えー、それってどういうことよ。と、もう一人のわたしが言う。だって、先にネタバレしてたら、読む時おもしろくないじゃん。とわたしが言い返す。するともう一人のわたしが「あんたが書いたことにどれだけの影響力があるっていうのさ」と上から目線でうすら笑う。

そんな感じだった。主人公は、常に肉体から精神が少しはみ出した感じで生きている。魂が実体から少し浮き上がっているような感じだ。心と体の輪郭が一致しないまま生きているので、そりゃ生きづらい。でもそれを忘れさせてくれて、呼吸をしやすくしてくれるのが「推し」だ。

しかし「推し」は炎上するようなことをしてしまった。そうなると、もう「アイドル」ではなく「人」なのだ。アイドルとしての「推し」は推せても、人間の推しには触れてはいけない。「人」は推してはいけないのだ。

これ以上書くとやっぱりまずいかなと思うので、もう内容には触れない。

先日、電話で友人と話をした。「高校生の時のことなんて、全然記憶になくて、全く思い出せないのよね」と言ったら、相手は「あらあ。精神年齢が低くて、まだ幼なかったから覚えてないのかしら」と言った。そういうもんなの?と聞き返したら「そうね。男の子が、『全然覚えてないっす』とか』とか言うじゃない?無邪気にさー」と言う返事だった。

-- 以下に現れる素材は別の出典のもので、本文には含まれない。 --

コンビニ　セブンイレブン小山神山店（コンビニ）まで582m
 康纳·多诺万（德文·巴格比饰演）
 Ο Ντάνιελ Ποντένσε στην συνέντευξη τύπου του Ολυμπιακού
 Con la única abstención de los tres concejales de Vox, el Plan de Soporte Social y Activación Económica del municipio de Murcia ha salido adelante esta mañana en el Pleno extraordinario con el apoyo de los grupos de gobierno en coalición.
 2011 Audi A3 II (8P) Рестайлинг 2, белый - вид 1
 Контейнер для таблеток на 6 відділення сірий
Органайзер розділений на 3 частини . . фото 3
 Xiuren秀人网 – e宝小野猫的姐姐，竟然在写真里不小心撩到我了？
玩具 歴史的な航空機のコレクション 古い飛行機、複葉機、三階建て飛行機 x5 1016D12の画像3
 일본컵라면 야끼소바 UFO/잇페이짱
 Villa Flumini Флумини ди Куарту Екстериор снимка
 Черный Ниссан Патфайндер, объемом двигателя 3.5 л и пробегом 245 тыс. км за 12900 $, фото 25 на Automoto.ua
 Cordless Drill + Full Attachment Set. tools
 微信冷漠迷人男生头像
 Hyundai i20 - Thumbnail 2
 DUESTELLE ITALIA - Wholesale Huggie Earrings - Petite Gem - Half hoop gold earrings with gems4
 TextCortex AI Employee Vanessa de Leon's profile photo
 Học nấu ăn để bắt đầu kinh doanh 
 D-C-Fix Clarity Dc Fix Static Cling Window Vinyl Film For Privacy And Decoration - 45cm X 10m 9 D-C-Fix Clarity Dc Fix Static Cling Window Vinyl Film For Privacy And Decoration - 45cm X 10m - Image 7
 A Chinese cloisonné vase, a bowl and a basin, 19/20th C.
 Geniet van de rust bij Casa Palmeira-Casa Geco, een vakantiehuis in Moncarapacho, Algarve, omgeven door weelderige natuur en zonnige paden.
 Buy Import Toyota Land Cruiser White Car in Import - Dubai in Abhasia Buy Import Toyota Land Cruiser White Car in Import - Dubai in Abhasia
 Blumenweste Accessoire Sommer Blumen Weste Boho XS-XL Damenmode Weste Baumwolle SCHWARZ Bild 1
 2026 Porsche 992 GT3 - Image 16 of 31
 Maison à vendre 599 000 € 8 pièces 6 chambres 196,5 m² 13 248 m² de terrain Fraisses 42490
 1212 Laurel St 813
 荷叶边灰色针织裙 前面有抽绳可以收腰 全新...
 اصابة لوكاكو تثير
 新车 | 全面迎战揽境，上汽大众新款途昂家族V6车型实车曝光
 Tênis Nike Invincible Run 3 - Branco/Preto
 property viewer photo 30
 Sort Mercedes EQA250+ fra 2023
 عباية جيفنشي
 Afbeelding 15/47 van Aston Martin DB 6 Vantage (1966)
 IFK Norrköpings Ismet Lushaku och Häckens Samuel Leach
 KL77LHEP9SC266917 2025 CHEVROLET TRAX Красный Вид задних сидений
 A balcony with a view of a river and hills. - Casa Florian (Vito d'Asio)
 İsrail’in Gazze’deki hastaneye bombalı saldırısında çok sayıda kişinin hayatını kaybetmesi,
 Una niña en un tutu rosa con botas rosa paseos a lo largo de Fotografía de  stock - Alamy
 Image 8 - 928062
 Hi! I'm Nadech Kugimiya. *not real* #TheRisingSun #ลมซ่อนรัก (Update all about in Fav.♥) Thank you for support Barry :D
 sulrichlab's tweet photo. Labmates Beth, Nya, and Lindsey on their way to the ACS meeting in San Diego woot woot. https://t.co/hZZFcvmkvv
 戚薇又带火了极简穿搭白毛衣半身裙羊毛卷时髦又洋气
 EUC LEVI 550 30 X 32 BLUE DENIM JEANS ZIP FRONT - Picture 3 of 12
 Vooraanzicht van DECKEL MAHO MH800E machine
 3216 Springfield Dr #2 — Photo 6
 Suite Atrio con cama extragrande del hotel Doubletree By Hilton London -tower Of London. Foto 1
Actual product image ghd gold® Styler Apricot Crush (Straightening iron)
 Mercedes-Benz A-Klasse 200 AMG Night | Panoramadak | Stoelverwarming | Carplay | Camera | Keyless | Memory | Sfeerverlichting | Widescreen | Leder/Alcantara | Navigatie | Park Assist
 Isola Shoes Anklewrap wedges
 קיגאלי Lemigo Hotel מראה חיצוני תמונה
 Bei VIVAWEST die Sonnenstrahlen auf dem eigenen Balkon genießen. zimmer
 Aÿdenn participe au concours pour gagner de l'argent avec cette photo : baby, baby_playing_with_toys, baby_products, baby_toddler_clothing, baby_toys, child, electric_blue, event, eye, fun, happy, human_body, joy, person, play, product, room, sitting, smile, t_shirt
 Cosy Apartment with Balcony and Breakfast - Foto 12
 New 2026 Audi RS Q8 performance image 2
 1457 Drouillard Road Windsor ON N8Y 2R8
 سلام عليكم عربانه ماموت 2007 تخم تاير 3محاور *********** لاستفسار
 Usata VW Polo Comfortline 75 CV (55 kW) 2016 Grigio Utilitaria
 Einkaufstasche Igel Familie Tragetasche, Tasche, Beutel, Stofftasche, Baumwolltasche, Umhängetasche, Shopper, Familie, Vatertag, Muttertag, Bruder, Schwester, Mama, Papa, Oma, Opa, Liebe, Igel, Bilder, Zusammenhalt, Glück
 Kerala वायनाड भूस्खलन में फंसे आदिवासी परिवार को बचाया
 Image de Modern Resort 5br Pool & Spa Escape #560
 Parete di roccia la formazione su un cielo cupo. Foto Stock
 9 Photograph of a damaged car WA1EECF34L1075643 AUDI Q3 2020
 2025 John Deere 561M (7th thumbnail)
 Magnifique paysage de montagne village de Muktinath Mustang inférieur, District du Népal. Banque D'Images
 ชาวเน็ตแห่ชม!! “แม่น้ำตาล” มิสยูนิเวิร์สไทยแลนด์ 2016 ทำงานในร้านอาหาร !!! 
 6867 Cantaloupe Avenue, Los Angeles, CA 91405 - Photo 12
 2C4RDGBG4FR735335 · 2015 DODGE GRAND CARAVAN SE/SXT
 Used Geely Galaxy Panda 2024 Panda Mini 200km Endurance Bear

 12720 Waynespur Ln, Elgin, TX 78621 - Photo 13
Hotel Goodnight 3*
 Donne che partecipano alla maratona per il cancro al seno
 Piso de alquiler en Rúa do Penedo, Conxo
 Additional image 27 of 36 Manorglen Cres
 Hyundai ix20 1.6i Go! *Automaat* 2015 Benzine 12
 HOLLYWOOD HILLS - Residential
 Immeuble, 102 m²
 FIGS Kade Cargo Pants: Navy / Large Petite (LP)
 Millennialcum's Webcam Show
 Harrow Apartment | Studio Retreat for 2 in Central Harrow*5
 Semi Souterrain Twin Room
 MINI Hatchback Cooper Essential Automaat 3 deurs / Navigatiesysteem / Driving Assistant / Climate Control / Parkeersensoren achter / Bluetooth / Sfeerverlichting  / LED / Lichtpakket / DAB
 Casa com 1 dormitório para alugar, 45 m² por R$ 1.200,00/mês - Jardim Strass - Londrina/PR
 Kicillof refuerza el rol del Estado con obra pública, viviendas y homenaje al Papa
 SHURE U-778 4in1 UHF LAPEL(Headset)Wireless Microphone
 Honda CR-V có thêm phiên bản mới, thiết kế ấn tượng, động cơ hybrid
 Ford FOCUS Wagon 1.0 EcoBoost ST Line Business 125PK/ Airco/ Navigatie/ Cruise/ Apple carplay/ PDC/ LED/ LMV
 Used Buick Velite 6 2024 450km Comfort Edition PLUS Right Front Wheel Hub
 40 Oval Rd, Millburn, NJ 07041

そうなの?高校生くらいの男の子って、そんな感じ?わたしの周囲の男性は、高校時代の思い出話とかするけどなあ。

わたしも高校時代の記憶がないわけではない。いろいろありすぎて、いろいろ辛すぎて、言いたくないのだ。「覚えてないっす」と言えばそれ以上、根掘り葉掘りされないからだ。

その当時、一番わたしを悩ませたのは「金縛り」である。いくら言っても、周囲は認めてくれなかった。「気のせい」とか「疲れてるからでしょ」とか、「寝不足なんじゃない?」とか、軽くあしらう感じで、「それは、辛かったね」とは誰も言ってくれなかった。

問題はこの本の主人公とは違うが、「自分がこうだと言っているのに、周りは自分のジャッジを押し付けてくる」という点では同じだと思う。

わたしはムスメに対して、そんなことをしていないだろうか。ちゃんと顔を見て、ちゃんと聞いているだろうか。どこをどう切っても考えさせられる事ばかりの本だったなあ。